Composition of the Board

The Members of the Board are appointed in terms of the Act by the Member of the Executive Council responsible for Economic Development and Tourism for a period not exceeding four (4) years, but are eligible for re-appointment. The composition of the Board is prescribed by the Act which permits a minimum of nine [9] and a maximum of eleven [11] Members, all of whom shall be non-executive members.
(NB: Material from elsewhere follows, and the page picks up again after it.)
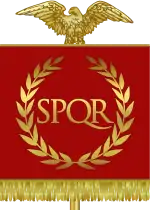 Image vectorielle d'un vexillum de l'Empire romain avec le sigle SPQR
In terms of the Act, the CEO is an ex officio member of the Board without any voting rights
at meetings of the Board (Section. 5(4) of the MEGA Act 1 of 2010).

In accordance with the aforementioned parameters of corporate governance, the Board must specifically:

Role of the Board

Retain full and effective control over MEGA, and monitor management’s implementation of the strategic plans and financial objectives as defined by the Board;

Define levels of materiality, reserving specific powers to itself and delegating other matters, with the necessary written authority, to management;

Continually monitor and review the exercise by management of delegated powers;

Ensure that a comprehensive system of policies and procedures is in place and that appropriate governance structures exist to ensure the smooth, efficient and prudent stewardship of MEGA;

Ensure compliance by MEGA with all relevant laws and regulations, audit and accounting principles, MEGA’s codes of ethics and conduct, and such other principles as may be established by the Board from time to time;

Regularly review and evaluate the risks to the business of MEGA, including information technology (“IT”) risks;

Ensure the existence of comprehensive, appropriate internal controls to mitigate against such risks, as well as ensure that there is an effective risk-based internal audit;

Exercise objective judgment on the affairs of MEGA, independent from management, but with sufficient management information to enable a proper and informed assessment to be made;

and Identify and monitor non-financial aspects relevant to the business of MEGA, and ensure that MEGA acts responsibly towards all relevant stakeholders having a legitimate interest in its affairs in order to ensure that MEGA is seen to be a responsible corporate citizen.